Secondary Indexes (2i)¶
Secondary Indexes, often called "2i" (secondary index), are Cassandra's original secondary indexing implementation introduced in version 0.7 (2011). While still supported, they have significant limitations that make them unsuitable for many production workloads.
Background and History¶
Origins¶
Secondary indexes were introduced in Cassandra 0.7 to address the limitation that queries could only filter on partition keys. The implementation used a simple approach: create hidden tables that map indexed column values to partition keys.
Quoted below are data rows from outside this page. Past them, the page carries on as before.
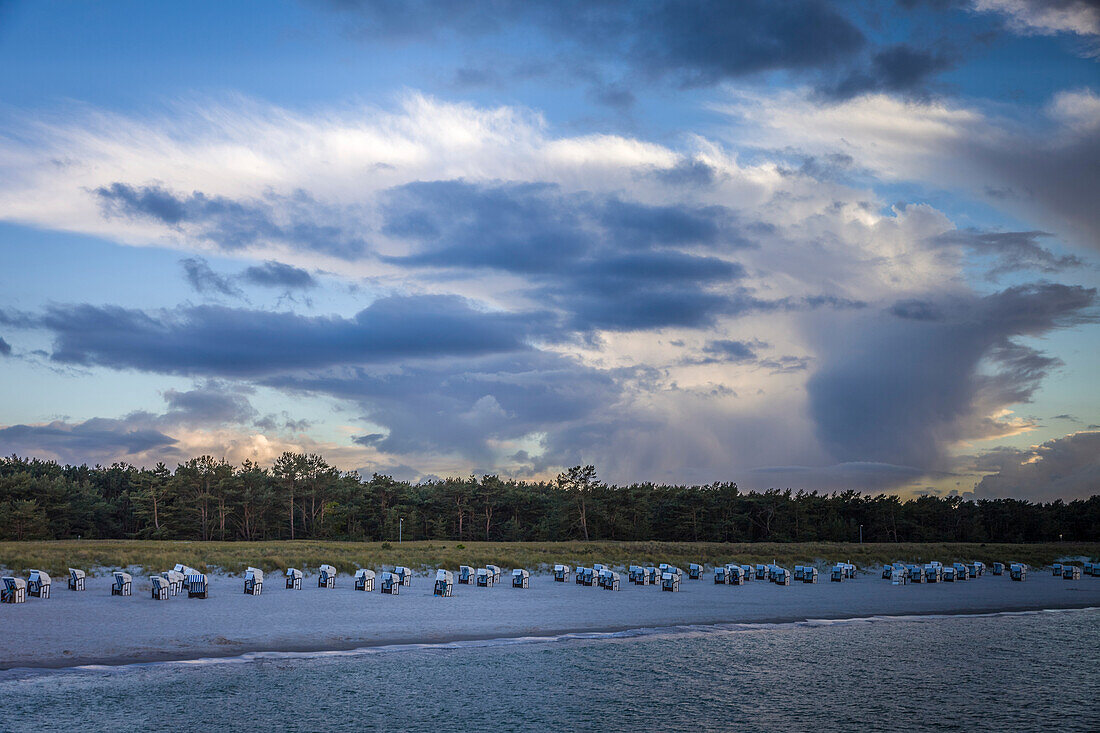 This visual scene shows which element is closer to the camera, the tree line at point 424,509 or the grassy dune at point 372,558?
the grassy dune at point 372,558

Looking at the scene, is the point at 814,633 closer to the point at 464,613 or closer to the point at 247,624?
the point at 464,613

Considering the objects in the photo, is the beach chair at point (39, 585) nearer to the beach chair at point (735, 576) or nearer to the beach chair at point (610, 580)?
the beach chair at point (610, 580)

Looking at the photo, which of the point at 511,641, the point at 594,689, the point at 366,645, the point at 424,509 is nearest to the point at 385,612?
the point at 366,645

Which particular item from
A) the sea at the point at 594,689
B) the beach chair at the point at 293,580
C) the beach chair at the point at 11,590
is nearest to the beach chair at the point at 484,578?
the beach chair at the point at 293,580

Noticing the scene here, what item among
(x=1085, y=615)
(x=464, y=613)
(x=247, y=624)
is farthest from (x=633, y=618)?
(x=1085, y=615)

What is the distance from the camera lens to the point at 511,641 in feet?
78.5

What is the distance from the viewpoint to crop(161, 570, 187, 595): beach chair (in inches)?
1182

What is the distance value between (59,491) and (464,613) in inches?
2957

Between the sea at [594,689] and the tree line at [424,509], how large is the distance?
2725 inches

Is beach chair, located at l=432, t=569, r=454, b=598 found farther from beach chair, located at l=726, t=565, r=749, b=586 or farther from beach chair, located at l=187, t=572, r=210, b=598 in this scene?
beach chair, located at l=726, t=565, r=749, b=586

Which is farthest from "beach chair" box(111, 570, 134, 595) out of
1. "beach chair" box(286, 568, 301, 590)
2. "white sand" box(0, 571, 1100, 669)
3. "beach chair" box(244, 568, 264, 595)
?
"beach chair" box(286, 568, 301, 590)

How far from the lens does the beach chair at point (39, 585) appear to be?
2830 cm

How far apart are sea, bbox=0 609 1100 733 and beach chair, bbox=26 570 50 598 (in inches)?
488

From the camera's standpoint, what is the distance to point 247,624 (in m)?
24.6
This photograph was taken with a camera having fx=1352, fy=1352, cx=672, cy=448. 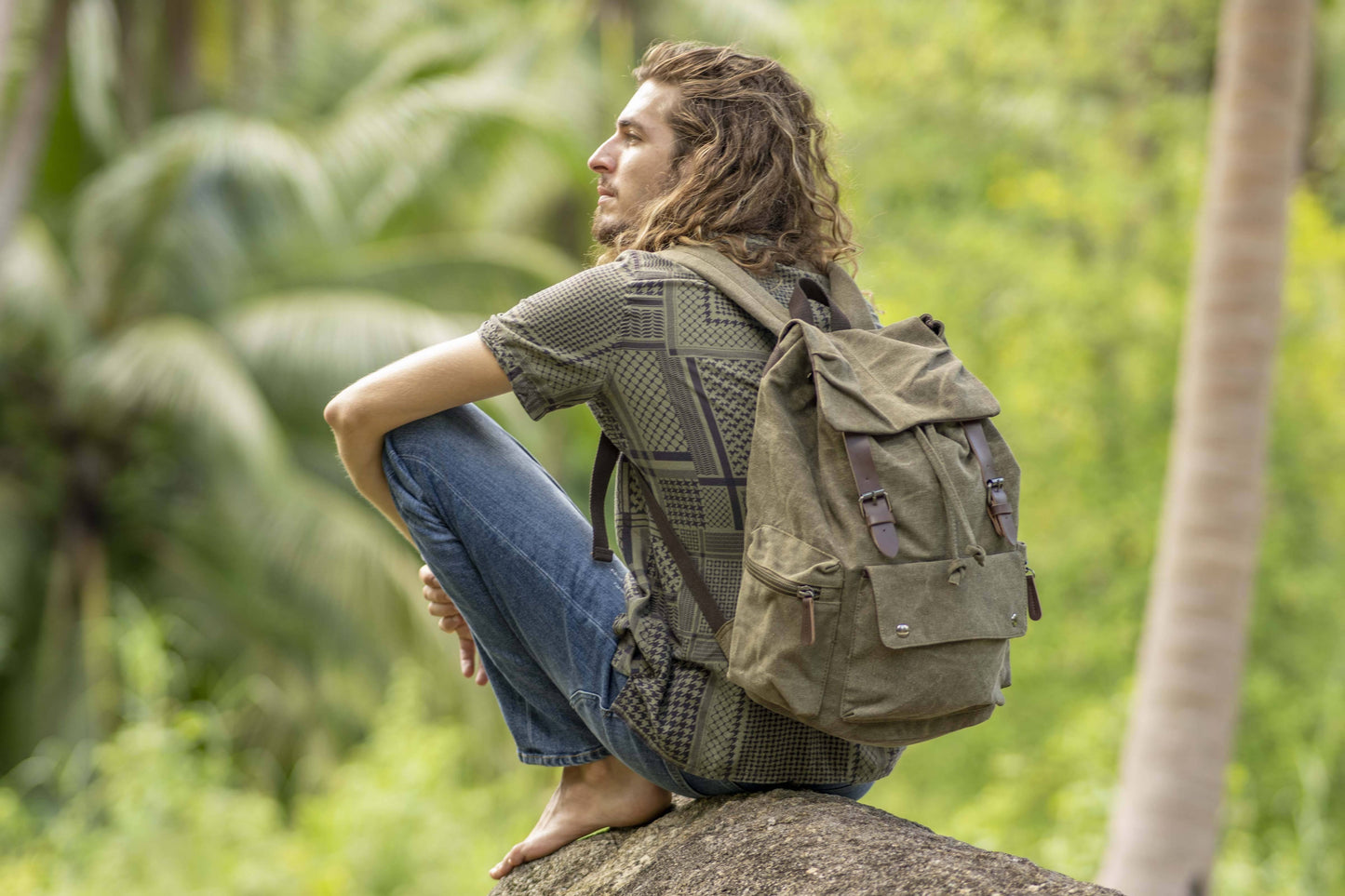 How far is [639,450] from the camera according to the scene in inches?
84.9

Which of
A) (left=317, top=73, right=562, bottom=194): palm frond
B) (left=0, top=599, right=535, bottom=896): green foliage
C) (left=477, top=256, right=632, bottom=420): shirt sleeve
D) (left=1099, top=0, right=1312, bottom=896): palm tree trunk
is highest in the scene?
(left=317, top=73, right=562, bottom=194): palm frond

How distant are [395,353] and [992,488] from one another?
818cm

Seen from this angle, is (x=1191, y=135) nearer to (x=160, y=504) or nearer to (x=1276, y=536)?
(x=1276, y=536)

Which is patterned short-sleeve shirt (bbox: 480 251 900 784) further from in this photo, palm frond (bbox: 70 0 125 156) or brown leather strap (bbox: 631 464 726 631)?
palm frond (bbox: 70 0 125 156)

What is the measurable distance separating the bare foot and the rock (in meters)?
0.04

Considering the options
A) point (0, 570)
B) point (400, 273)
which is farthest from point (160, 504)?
point (400, 273)

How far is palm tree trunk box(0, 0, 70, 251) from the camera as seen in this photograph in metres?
7.87

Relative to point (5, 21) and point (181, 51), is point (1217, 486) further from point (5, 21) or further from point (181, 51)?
point (181, 51)

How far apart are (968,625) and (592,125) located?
11518 mm

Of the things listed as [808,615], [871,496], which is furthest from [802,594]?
[871,496]

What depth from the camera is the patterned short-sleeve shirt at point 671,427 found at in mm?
2084

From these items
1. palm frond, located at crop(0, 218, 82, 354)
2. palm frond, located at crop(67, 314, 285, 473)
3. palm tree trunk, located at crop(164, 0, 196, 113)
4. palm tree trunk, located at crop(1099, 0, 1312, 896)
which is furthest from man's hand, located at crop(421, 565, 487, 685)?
palm tree trunk, located at crop(164, 0, 196, 113)

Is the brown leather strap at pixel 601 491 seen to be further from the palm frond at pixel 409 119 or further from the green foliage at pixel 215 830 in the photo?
the palm frond at pixel 409 119

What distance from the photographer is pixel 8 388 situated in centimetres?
1013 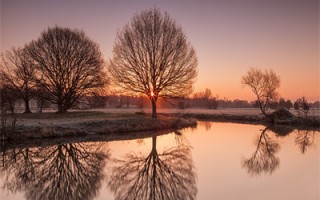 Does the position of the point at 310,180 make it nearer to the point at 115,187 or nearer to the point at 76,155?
the point at 115,187

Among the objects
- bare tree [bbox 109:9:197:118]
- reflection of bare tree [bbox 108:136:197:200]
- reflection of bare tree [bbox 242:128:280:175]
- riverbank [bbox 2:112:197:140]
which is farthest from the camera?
bare tree [bbox 109:9:197:118]

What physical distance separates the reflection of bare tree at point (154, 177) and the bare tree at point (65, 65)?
27.0 metres

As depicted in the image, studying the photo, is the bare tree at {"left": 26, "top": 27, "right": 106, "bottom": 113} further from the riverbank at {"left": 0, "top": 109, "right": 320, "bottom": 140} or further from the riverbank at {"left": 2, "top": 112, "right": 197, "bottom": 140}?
the riverbank at {"left": 2, "top": 112, "right": 197, "bottom": 140}

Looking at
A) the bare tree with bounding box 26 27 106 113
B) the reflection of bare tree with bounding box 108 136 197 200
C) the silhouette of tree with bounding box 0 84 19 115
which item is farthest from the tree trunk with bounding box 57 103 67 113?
the reflection of bare tree with bounding box 108 136 197 200

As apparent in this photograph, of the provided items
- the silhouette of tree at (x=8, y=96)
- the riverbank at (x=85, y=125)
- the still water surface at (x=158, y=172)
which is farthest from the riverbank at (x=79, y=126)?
the silhouette of tree at (x=8, y=96)

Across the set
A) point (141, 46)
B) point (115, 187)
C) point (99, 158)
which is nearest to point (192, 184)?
point (115, 187)

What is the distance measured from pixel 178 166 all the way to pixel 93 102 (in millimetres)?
32314

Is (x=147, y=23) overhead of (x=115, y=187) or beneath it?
overhead

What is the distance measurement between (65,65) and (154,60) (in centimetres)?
1369

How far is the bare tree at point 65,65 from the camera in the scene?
3903 centimetres

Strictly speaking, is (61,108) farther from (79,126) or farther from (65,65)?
(79,126)

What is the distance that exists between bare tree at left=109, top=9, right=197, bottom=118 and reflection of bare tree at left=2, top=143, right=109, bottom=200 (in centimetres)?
1873

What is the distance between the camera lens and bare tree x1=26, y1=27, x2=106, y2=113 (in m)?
39.0

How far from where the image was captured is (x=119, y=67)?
35.9m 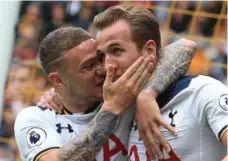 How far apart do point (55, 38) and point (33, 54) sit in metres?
2.77

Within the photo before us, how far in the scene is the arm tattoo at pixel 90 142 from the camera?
2.01 metres

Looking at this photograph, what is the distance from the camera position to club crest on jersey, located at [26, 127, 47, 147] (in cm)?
212

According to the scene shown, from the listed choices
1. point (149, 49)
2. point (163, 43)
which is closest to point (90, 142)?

This design was straightforward to implement but created architectural challenges that became apparent at scale. The fundamental issue is that secondary index data is distributed differently than base table data.
Design Goals¶
The original secondary index design prioritized:
- Simplicity: Reuse existing table storage mechanisms
- Consistency: Maintain index atomically with base table writes
- Query Flexibility: Enable queries on non-primary-key columns
Design Trade-offs¶
The implementation made trade-offs that limit secondary index utility:
- Local-only indexes: Each node indexes only its local data
- Separate compaction: Index tables compact independently from base tables
- No range queries: Only equality predicates supported
- Scatter-gather queries: Queries must contact all nodes
Architecture¶
Storage Implementation¶
Secondary indexes store data in hidden tables within the same keyspace as the base table:
Key characteristics:
- Index table name:
.<table>_<column>_idx - Partition key: indexed column value
- Clustering column: base table partition key
- Each node only indexes rows it owns
On-Disk File Structure¶
Secondary indexes create a separate hidden table directory with its own SSTable files:
data/
└── keyspace/
├── users-<table_id>/ # Base table
│ ├── nb-1-big-Data.db
│ ├── nb-1-big-Index.db
│ ├── nb-1-big-Filter.db
│ ├── nb-1-big-Summary.db
│ ├── nb-1-big-Statistics.db
│ ├── nb-1-big-CompressionInfo.db
│ └── nb-1-big-TOC.txt
│
└── .users.city_idx-<index_id>/ # Hidden index table
├── nb-1-big-Data.db # Index data (value → pk mappings)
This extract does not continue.